The Portuguese climate is becoming dryer, and it is indispensable to develop adaptation strategies to face water scarcity. In this framework, a smart irrigation, optimizing grape composition and providing a balanced solution between environment and plant requirements can become a relevant option. Indeed, with higher dryness, and without irrigation, yield reductions were already found in Portugal (i.e., Alentejo, Lisboa, Minho and Terras-da-Beira) [15]. Moreover, an efficient irrigation showed a diminishing volume of water applied to crops fields by 30–70% and an increase in crop yields by 20–90% [16]. According to our data, the experimental field with Moscatel grapes showed a moderate capacity of surface drainage in 63.86% of the area (Table 1), which determines a moderate infiltration capacity, contributing to the groundwater recharge (i.e., water available for plant growth) [17]. Additionally, as this field is being irrigated, the potential hydric stress derived by rain scarcity, observed in recent decades, is being mitigated.

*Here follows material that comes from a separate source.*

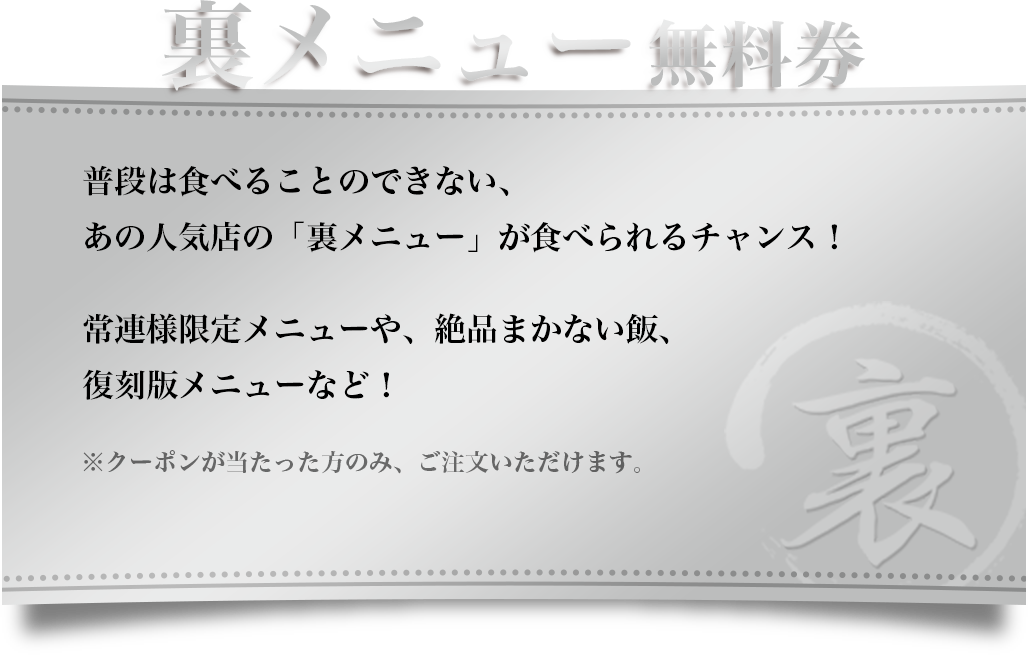 【裏メニュー無料券】普段は食べることのできない、あの人気店の「裏メニュー」が食べられるチャンス！常連様限定メニューや、絶品まかない飯、復刻版メニューなど！※クーポンが当たった方のみ、ご注文いただけます。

In Turkey, fertilization with Zn was carried out by leaves spraying, which determined increases in productivity of about 25% in cereals, with the concurrent augmentation of Zn contents in the edible parts of the plants [18]. Our study also showed an increase in Zn content in grapes sprayed with ZnO and ZnSO4 (Table 2). In addition, following [19,20], Zn biofortification through foliar application, also affected yield parameters. Indeed, through vegetation indices, namely NDVI, is possible to access health conditions, providing information of photosynthetic capacity, which can be correlated with plant vigor and vegetation abundance, health and growth [21,22]. This index has values normalized between +1 and −1, with higher values indicating a denser vegetation [22]. In fact, our data showed higher values for NDVI in the vines fertilized with ZnSO4 and ZnO, relative to the control, but treatments with ZnSO4 triggered a higher vigor (Table 3).
5. Conclusions
Through images obtained with cameras attached to UAVs, it is possible to obtain information about morphology of the field and potential limiting conditions for vines development. Using the Moscatel field as a test system, important characteristics—namely, moderate infiltration capacity and the use of irrigation, enabling vines to have more resistance to hydric stress—were optimized. The obtained images further provided information regarding the crops’ state, detecting a positive response to Zn fertilization with an increase in the Zn content and vigor of vines subjected to ZnO and ZnSO4.
Supplementary Materials
The following are available online at https://www.mdpi.com/article/10.3390/IECAG2021-09663/s1.
Author Contributions
Conceptualization, P.S.C., J.C.R. and F.C.L.; methodology, M.G.B., J.C.K. and F.C.L.; software, M.G.B.; formal analysis, D.D., C.C.P., A.R.F.C., A.C.M., I.C.L., J.C. and J.C.K.; resources, M.M.S., M.S., F.H.R., M.F.P., P.L., M.G.B., J.C.K., J.A.A. and F.C.L.; writing—original draft preparation, D.D.; writing—review and editing, D.D. and F.C.L.; supervision, F.C.L.; project administration, F.C.L.; funding acquisition, F.C.L. All authors have read and agreed to the published version of the manuscript.
Funding
This research was funded by PDR2020, grant number 101-030727.
Acknowledgments
The authors thanks to Engenier Luís Silva (Adega Cooperativa de Palmela- Casa Agrícola Nunes Oliveira da Silva Lda) for technical assistance. We also thanks to the Research centres (GeoBioTec) UIDB/04035/2020 and (CEF) UIDB/00239/2020 for support facilities.
Conflicts of Interest
The authors declare no conflict of interest. The founding sponsors had no role in the design of the study; in the collection, analyses, or interpretation of data; in the writing of the manuscript, or in the decision to publish the results.
References
- Berners-Lee, M.; Kennelly, C.; Watson, R.; Hewitt, C.N. Current global food production is sufficient to meet human nutritional needs in 2050 provided there is radical societal adaptation. Elem. Sci. Anth. 2018, 6–52. [Google Scholar] [CrossRef]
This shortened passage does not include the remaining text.